[DATA FOR ANALYSIS Boundary: Start]

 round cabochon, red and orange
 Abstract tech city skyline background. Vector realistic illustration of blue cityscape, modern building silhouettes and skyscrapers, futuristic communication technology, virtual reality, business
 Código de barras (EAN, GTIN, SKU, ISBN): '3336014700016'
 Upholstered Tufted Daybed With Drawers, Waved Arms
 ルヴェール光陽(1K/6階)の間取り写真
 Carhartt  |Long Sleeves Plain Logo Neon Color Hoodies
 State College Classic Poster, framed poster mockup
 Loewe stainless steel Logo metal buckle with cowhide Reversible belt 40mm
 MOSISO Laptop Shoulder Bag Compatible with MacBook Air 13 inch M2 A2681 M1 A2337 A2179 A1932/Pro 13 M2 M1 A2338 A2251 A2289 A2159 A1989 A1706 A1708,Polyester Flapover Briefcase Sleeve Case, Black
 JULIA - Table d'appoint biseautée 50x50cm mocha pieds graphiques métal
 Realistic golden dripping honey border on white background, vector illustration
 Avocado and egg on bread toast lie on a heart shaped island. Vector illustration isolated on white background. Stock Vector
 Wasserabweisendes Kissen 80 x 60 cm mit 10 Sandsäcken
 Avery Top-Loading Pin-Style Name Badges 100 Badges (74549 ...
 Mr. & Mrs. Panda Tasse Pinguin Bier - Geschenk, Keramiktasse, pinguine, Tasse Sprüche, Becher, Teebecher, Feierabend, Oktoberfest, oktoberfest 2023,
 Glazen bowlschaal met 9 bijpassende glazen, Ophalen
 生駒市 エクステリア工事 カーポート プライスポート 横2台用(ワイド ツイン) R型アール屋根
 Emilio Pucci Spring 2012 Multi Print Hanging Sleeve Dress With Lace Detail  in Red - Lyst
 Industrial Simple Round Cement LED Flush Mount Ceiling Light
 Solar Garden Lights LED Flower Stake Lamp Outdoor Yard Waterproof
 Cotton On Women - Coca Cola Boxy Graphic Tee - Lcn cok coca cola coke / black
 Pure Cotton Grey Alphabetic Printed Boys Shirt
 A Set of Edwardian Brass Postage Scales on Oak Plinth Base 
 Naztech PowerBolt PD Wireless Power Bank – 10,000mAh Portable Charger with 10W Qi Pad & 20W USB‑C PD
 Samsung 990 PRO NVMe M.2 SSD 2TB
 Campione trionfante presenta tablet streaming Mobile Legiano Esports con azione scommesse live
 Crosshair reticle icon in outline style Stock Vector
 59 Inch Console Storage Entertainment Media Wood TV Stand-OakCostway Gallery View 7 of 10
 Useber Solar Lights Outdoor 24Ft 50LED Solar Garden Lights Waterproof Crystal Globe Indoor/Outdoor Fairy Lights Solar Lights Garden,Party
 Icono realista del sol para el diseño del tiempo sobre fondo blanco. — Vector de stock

[DATA FOR ANALYSIS Boundary: End]

§ **WHAT THE TASK REQUIRES**
Give back, word for word, only the lines above from the line holding "Código de barras" to the line holding "59 Inch Console", both included.

§ **EXERCISE OUTPUT**
 Código de barras (EAN, GTIN, SKU, ISBN): '3336014700016'
 Upholstered Tufted Daybed With Drawers, Waved Arms
 ルヴェール光陽(1K/6階)の間取り写真
 Carhartt  |Long Sleeves Plain Logo Neon Color Hoodies
 State College Classic Poster, framed poster mockup
 Loewe stainless steel Logo metal buckle with cowhide Reversible belt 40mm
 MOSISO Laptop Shoulder Bag Compatible with MacBook Air 13 inch M2 A2681 M1 A2337 A2179 A1932/Pro 13 M2 M1 A2338 A2251 A2289 A2159 A1989 A1706 A1708,Polyester Flapover Briefcase Sleeve Case, Black
 JULIA - Table d'appoint biseautée 50x50cm mocha pieds graphiques métal
 Realistic golden dripping honey border on white background, vector illustration
 Avocado and egg on bread toast lie on a heart shaped island. Vector illustration isolated on white background. Stock Vector
 Wasserabweisendes Kissen 80 x 60 cm mit 10 Sandsäcken
 Avery Top-Loading Pin-Style Name Badges 100 Badges (74549 ...
 Mr. & Mrs. Panda Tasse Pinguin Bier - Geschenk, Keramiktasse, pinguine, Tasse Sprüche, Becher, Teebecher, Feierabend, Oktoberfest, oktoberfest 2023,
 Glazen bowlschaal met 9 bijpassende glazen, Ophalen
 生駒市 エクステリア工事 カーポート プライスポート 横2台用(ワイド ツイン) R型アール屋根
 Emilio Pucci Spring 2012 Multi Print Hanging Sleeve Dress With Lace Detail  in Red - Lyst
 Industrial Simple Round Cement LED Flush Mount Ceiling Light
 Solar Garden Lights LED Flower Stake Lamp Outdoor Yard Waterproof
 Cotton On Women - Coca Cola Boxy Graphic Tee - Lcn cok coca cola coke / black
 Pure Cotton Grey Alphabetic Printed Boys Shirt
 A Set of Edwardian Brass Postage Scales on Oak Plinth Base 
 Naztech PowerBolt PD Wireless Power Bank – 10,000mAh Portable Charger with 10W Qi Pad & 20W USB‑C PD
 Samsung 990 PRO NVMe M.2 SSD 2TB
 Campione trionfante presenta tablet streaming Mobile Legiano Esports con azione scommesse live
 Crosshair reticle icon in outline style Stock Vector
 59 Inch Console Storage Entertainment Media Wood TV Stand-OakCostway Gallery View 7 of 10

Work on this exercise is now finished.